In fact, in March this year the Guinean health authorities put an immediate ban on bat bushmeat when they realised they had an epidemic on their hands. They suspected that it was the consumption of this meat that had given rise to the dire situation they were now dealing with.

Now, a group of scientists who carried out an investigation in Meliandou have come close to determining the exact source of infection – they believe that Emile came into contact with bat droppings while playing in a hollow tree containing large numbers of fruit bats.

Dr De Leendertz and his team spent time talking to locals in the area and taking samples from the trees as well as the bats. Villagers described the tree, now just a stump, as being a popular playing place for the children in the village.

The tree was burnt down soon after the Ebola infection took place, and the locals said many bats flew into the air when it caught fire.

This, the researchers believe, is a strong indication that the bats inside the tree were responsible. The tree was also located just 50m from Emile’s house.

By taking ash samples from the tree and analysing them, they also found DNA strands that matched those of fruit bats. Their results are published in the journal EMBO Molecular Medicine.
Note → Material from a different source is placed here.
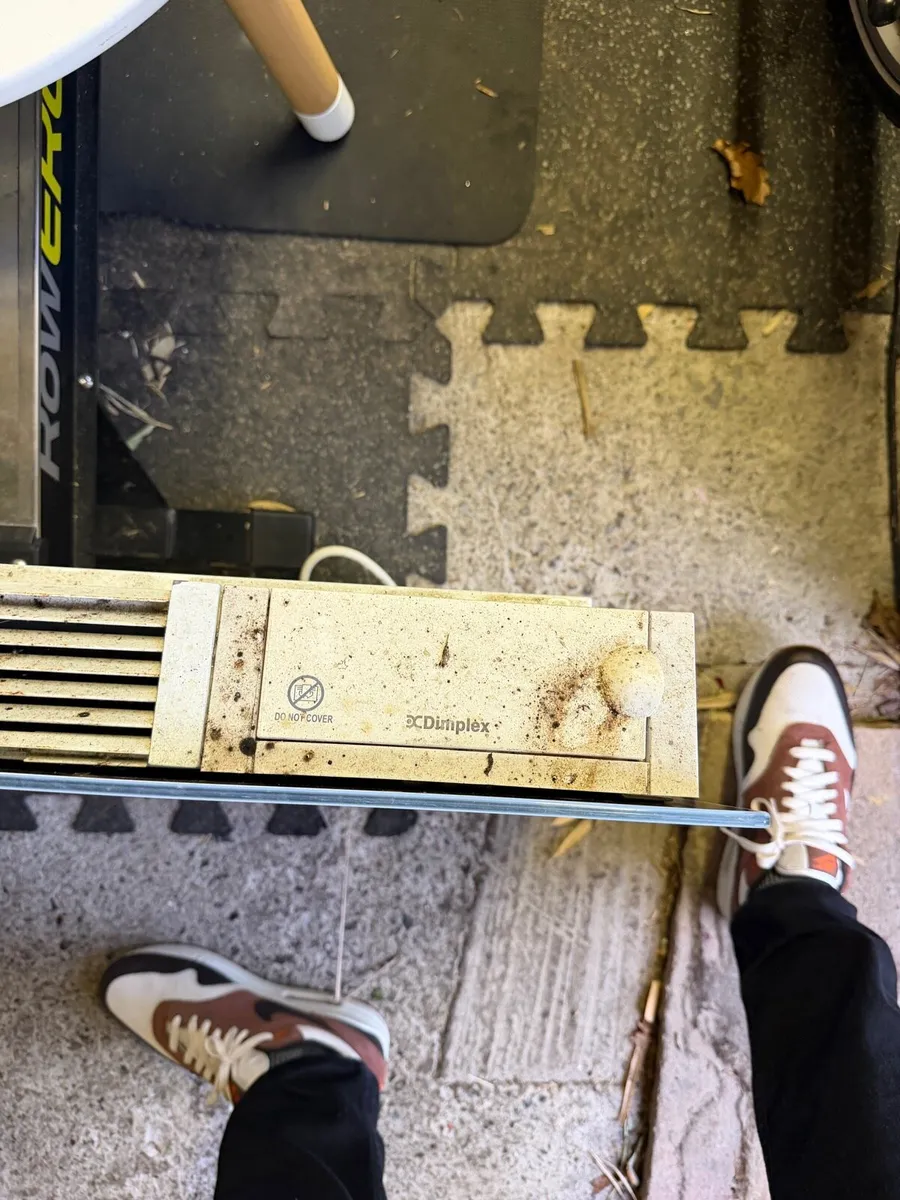 Heater for free needs plug - Image 2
They did not find any signs of Ebola in the bat samples they took, but according to one of the lead researchers in the study, the prevalence of the virus in bats would be extremely low.

Dr Leendertz of the Robert Koch Institute in Germany told the BBC that this was “obvious” when you think about how many tonnes of bat meat is consumed every year.

"If more bats carried the virus, we would see outbreaks all the time."

The next step for the research team will be to find out more about the bats and how they transmit the disease, since they have “moved into human settlements” and no longer just live in trees – they are also under the roofs of houses in the villages.

"The Ebola virus must jump through colonies from bat to bat, so we need to know more,” explained De Leendertz.